Directions for this task: Pictures are not part of the answer. Return the lines from the one containing "GENERICO - JUGUETE" through the end of the data, both included, exactly as they appear.

Records to use:
____________
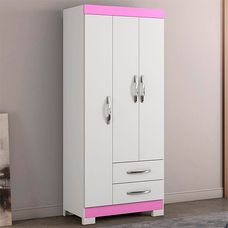 Guarda Roupa 3 Portas 2 Gavetas NT 5000 Branco/Rosa - Notável Móveis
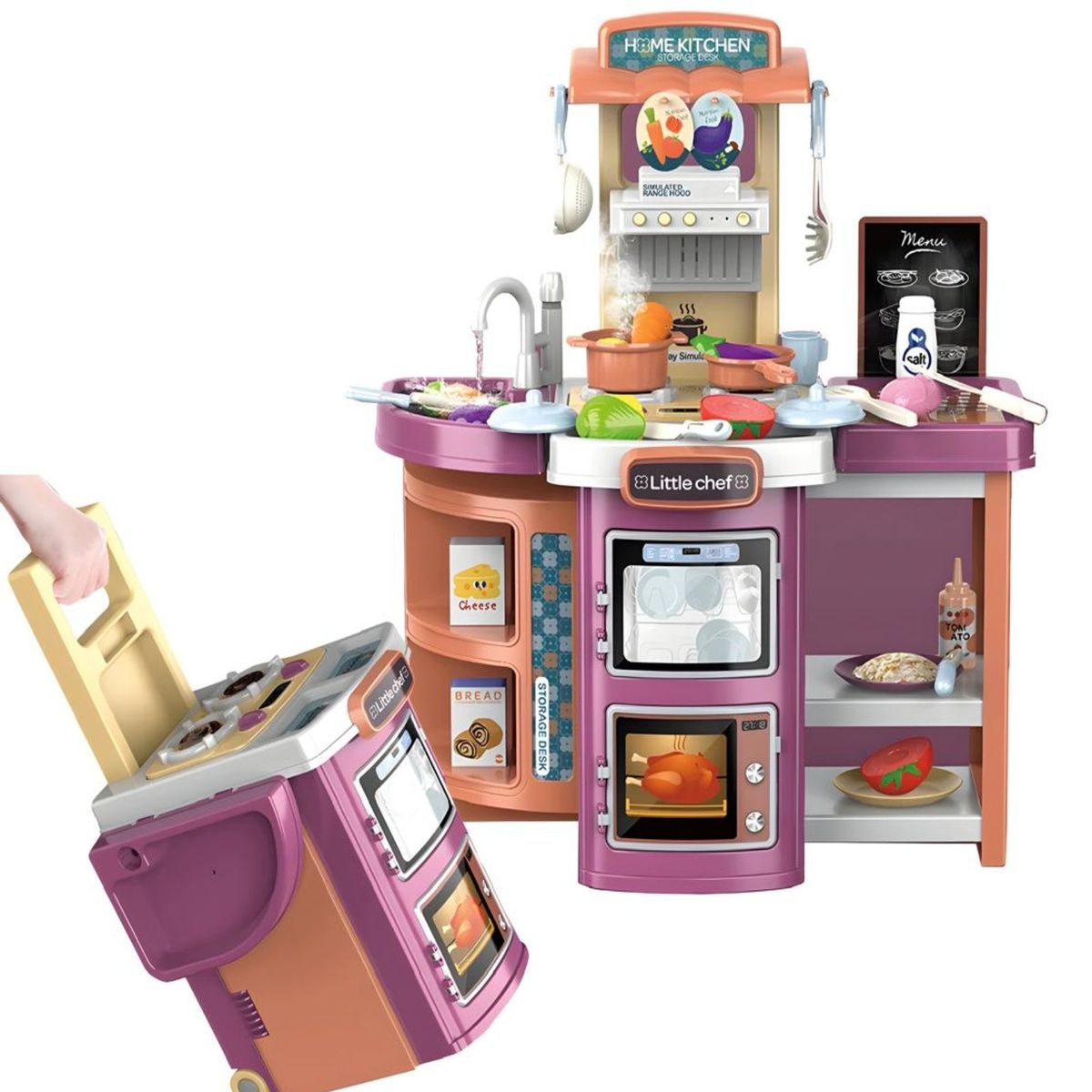 GENERICO - JUGUETE MALETA DE COCINA 2 EN 1 CON ACCESORIOS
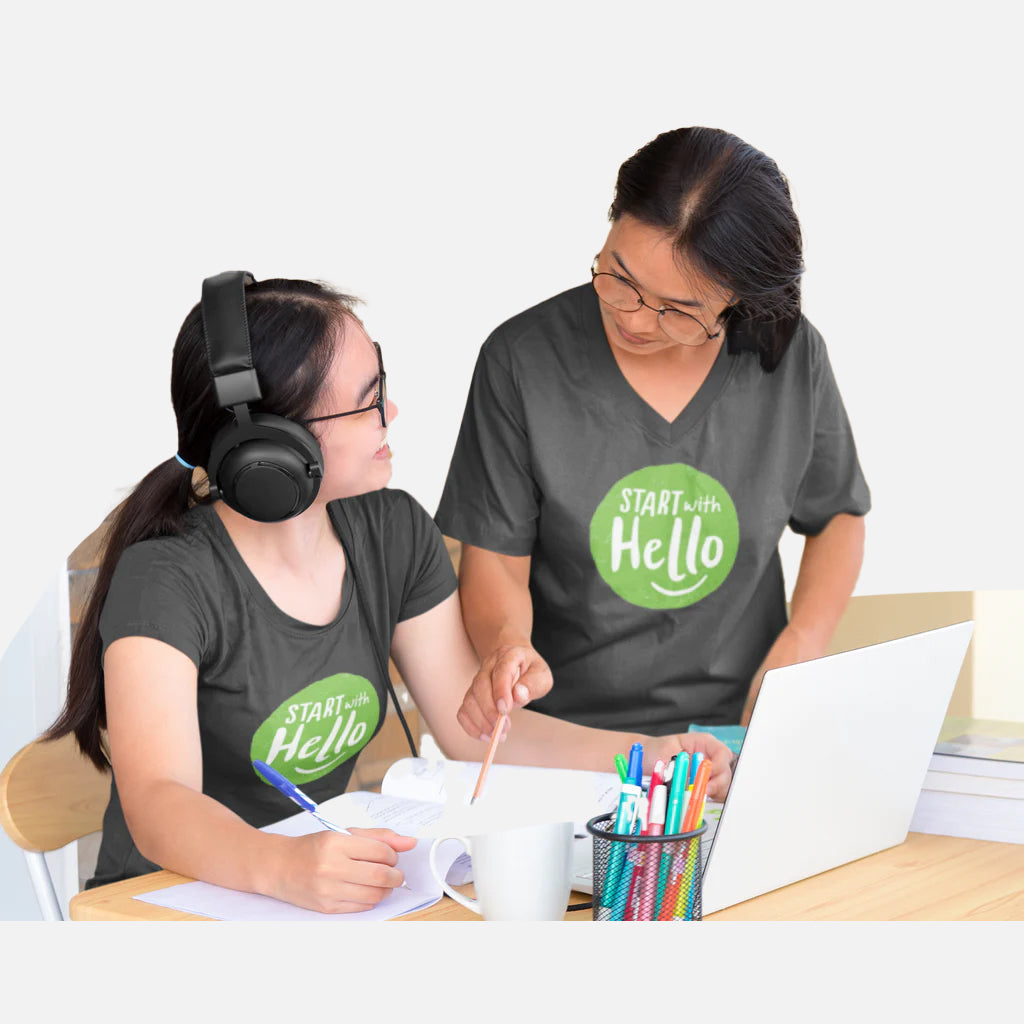 Women's Start With Hello V-Neck Tee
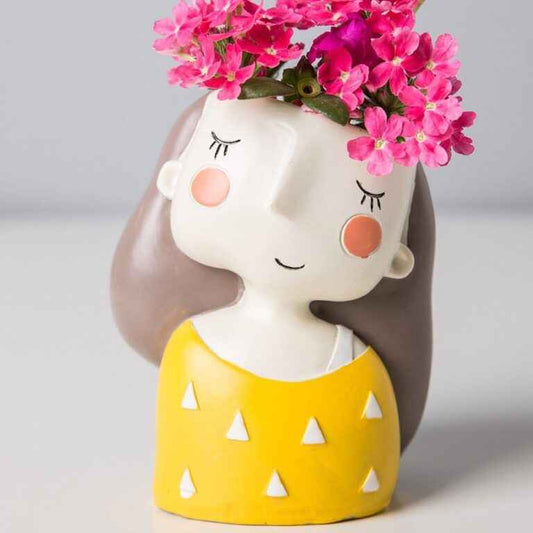Cute Girl Resin Succulent Pot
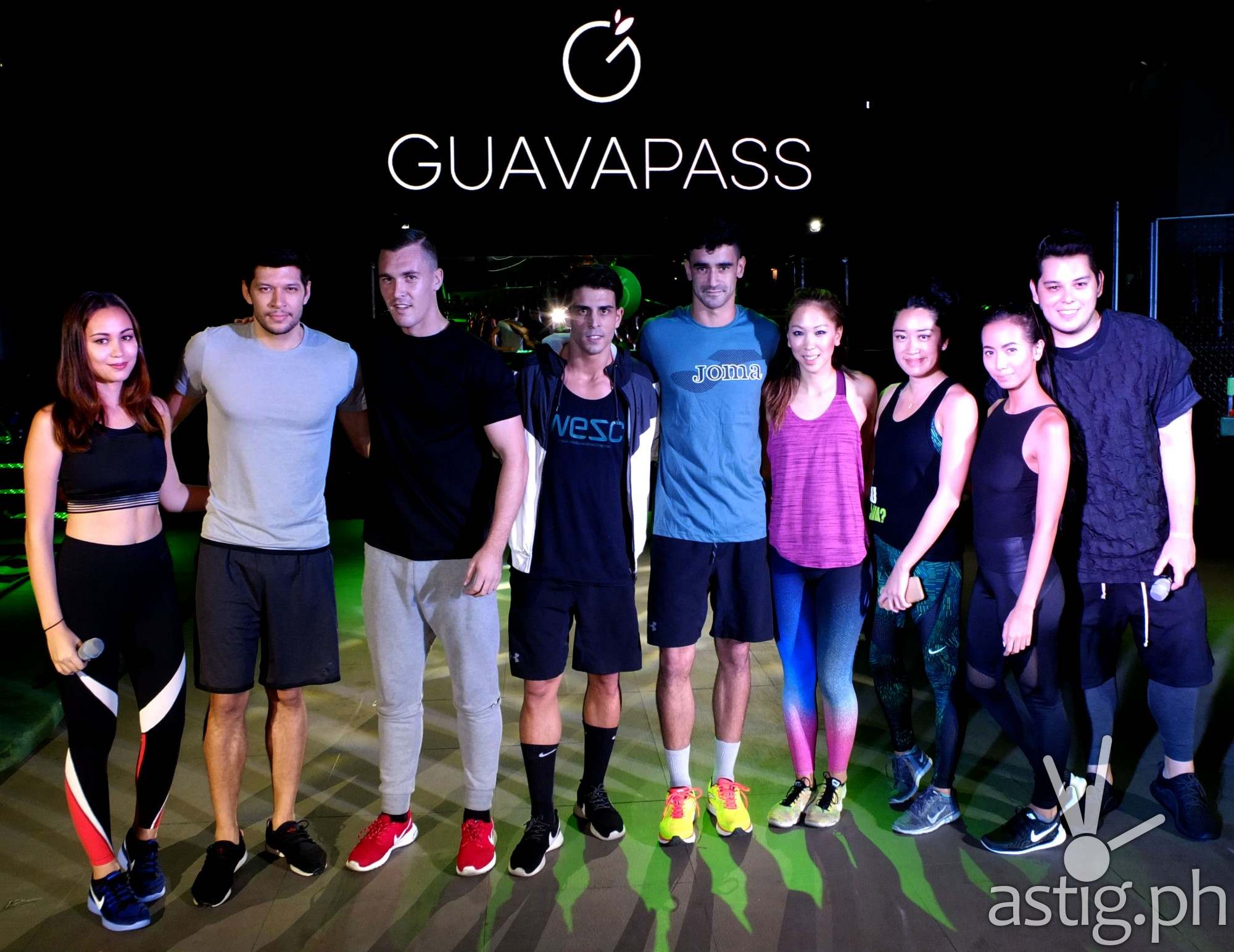 The Meralco football players after their burpees jump box game.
____________
Answer to the problem:
 GENERICO - JUGUETE MALETA DE COCINA 2 EN 1 CON ACCESORIOS
 Women's Start With Hello V-Neck Tee
Cute Girl Resin Succulent Pot
 The Meralco football players after their burpees jump box game.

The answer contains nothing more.